En 2016, 27 millions de PV ont été dressés dont près de 12 millions de PV via les radars automatiques. Ces derniers rapportant environ 900 millions d’euros (et la même choses pour les autres infractions relevées).

Mais la Cour, présidée par Didier Migaud, estime que le recouvrement n’est pas suffisant. En effet, selon les données officielles, environ 25% des « flashs » n’ont pas de suite (photo floue, deux véhicules, plaques illisibles, etc.) en 2017 après un pic à 30% en 2016. Sur ce point, la Cour souhaite un perfectionnement des radars pour diminuer ce taux de rejet. Car, elle estime que cela « peut atténuer la crainte de la sanction de la part des conducteurs ». Concernant l’entretien, après la chute en 2013 suite au changement de prestataire, la CdC constate que le taux de fonctionnement est remonté à 92%.

Se rajoute à ces 25% inexploitables, une part non négligeable de PV jamais payés. De 20% il y a quelques années, on est désormais à 25%. Comment ? Par différents facteurs. « Une première analyse effectuée par sondage par la DGFIP sur des dossiers parvenus au stade du recouvrement forcé a montré la prévalence de personnes qui connaissent des difficultés financières. Une seconde étude a montré un lien significatif entre débiteurs en matière fiscale et en matière d’amende ».

700 millions d’euros par an

Mais, il n’y a pas que cela. Ainsi, le recouvrement se fait via un logiciel obsolète, département par département. Si un même automobiliste commet deux infractions, dans deux départements différents, alors il y aura deux recouvrements, si cela va jusque à cette étape.
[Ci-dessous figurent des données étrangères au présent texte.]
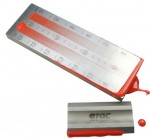 Tqc sheen grindometer VF2118 Range: 0-250 Micron, 10-0 PCU,(north),8-0 Hegman(NS) Rating: 25 micron Channel: Dual, 2X12mm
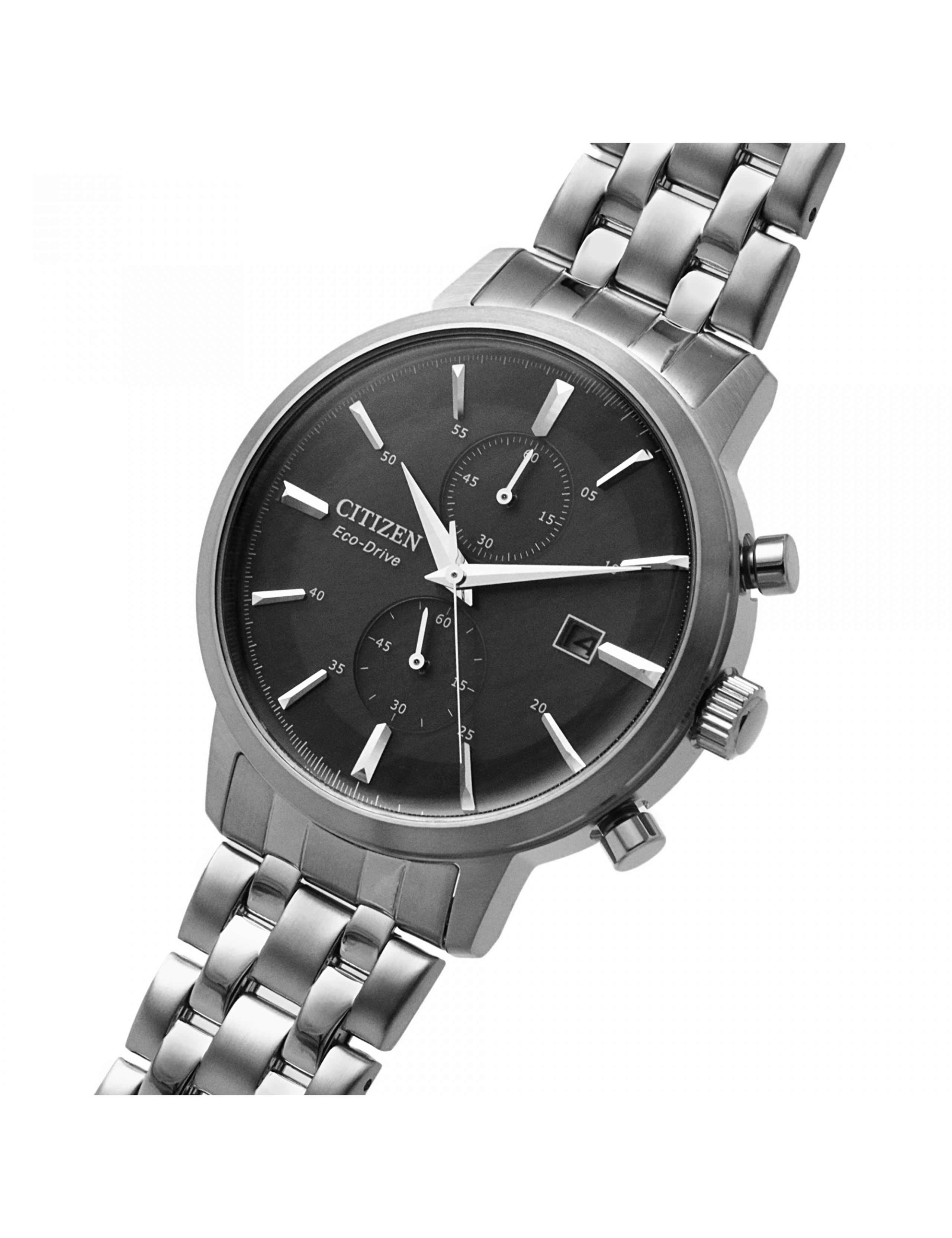 Citizen Twin Eye Stainless Steel Chronograph Watch 3 of 5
Pire, la Cour pointe le fait que lors du recouvrement d’une amende, il n’y a pas la possibilité de vérifier qu’il n’y a pas d’autres amendes antérieures à recouvrer également. Un nouveau logiciel, dont le développement a été lancé il y a plus de 4 ans, n’est pas prévu pour entrer en plein service avant 2023 !

Au final, on a donc environ 56% des flashs qui donnent réellement lieu à sanction financière. Aussi, pour la CdC, c’est un manque à gagner pour l’Etat de 700 millions d’euros par an. Au moins, la Cour des Comptes ne se cache pas de voir dans les radars une manne financière plus qu’un moyen de lutter contre les accidents de la route.
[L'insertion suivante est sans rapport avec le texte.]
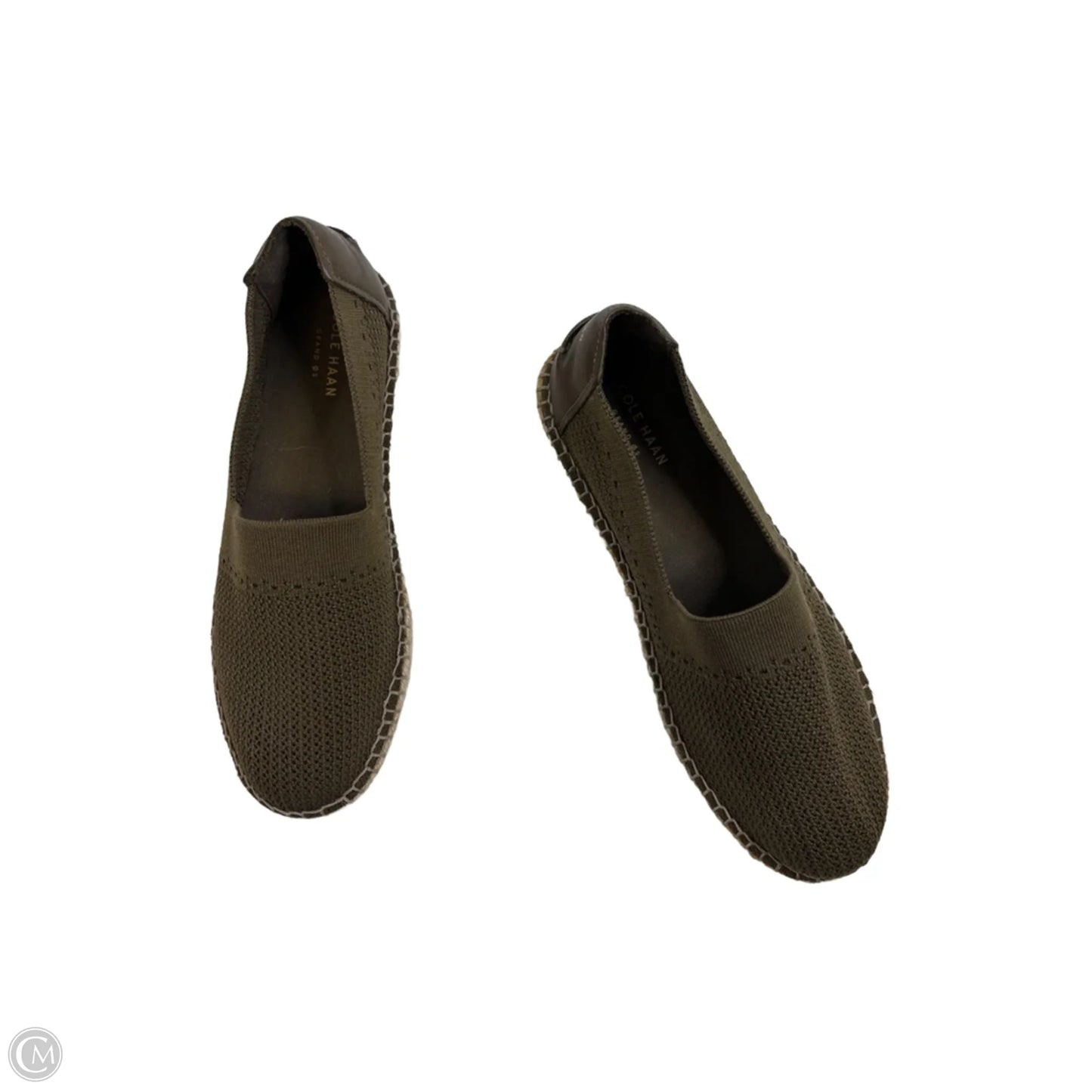 Shoes Flats By Cole-haan In Green, Size: 8.5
La CdC avertit également sur l’engorgement progressif du système, au niveau du centre de traitement automatisé de Rennes. Si le « coût unitaire de production d’un avis de contravention est ainsi passé de 4,7 € en 2012 à 2,8 €117 en 2016 », dans le même temps, le « délai de traitement des dossiers, (…) a été multiplié par deux entre 2015 et 2016, passant de 4,5 à 8,9 jours ». Un délai qui s’accumule et diffère le recouvrement des amendes.